■ **Problem description**:
Restate word for word every line from the top of the data below down through the line that holds "Kwiat różowej magnolii".

■ **Entries provided**:

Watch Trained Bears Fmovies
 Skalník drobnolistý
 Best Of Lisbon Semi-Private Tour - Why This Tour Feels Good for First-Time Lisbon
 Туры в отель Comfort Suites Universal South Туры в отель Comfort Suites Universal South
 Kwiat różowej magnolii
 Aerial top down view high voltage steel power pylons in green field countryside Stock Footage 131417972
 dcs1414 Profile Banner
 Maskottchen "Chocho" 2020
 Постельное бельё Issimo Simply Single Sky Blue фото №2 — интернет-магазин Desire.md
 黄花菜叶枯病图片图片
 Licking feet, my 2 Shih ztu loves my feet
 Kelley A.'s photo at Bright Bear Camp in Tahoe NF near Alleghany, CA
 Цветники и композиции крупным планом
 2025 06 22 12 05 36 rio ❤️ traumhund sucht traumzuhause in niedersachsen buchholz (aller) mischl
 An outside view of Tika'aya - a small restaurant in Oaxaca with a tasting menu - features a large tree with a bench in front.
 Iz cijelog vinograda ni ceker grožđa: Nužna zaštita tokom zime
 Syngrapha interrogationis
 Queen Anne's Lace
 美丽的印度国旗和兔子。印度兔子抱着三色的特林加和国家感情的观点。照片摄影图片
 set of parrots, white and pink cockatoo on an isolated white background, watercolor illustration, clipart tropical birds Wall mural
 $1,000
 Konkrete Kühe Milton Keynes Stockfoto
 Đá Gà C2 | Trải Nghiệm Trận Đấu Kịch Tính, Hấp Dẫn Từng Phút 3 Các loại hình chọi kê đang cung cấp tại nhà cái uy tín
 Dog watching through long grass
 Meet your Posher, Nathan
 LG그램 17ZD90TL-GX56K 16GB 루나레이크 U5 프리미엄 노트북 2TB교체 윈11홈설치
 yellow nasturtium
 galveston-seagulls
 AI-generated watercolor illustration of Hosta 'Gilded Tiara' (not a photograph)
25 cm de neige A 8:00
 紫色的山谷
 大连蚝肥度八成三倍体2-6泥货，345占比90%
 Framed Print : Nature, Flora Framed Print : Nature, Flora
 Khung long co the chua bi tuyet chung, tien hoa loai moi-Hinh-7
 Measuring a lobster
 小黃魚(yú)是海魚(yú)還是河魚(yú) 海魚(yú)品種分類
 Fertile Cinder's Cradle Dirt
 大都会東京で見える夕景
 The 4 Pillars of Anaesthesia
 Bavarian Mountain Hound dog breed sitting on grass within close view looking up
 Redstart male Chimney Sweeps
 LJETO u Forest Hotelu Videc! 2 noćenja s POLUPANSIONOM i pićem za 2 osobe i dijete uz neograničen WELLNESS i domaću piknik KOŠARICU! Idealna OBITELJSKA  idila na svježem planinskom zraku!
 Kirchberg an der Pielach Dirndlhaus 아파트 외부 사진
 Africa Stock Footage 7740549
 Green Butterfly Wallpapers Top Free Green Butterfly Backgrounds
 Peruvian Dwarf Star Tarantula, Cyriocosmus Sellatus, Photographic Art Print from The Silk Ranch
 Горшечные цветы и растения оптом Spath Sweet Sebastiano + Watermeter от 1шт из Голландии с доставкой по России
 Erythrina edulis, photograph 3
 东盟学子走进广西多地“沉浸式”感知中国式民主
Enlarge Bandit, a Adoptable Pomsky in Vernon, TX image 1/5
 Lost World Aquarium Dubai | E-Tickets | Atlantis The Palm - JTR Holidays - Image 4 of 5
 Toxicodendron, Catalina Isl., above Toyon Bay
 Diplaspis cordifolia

■ **Exercise answer**:
Watch Trained Bears Fmovies
 Skalník drobnolistý
 Best Of Lisbon Semi-Private Tour - Why This Tour Feels Good for First-Time Lisbon
 Туры в отель Comfort Suites Universal South Туры в отель Comfort Suites Universal South
 Kwiat różowej magnolii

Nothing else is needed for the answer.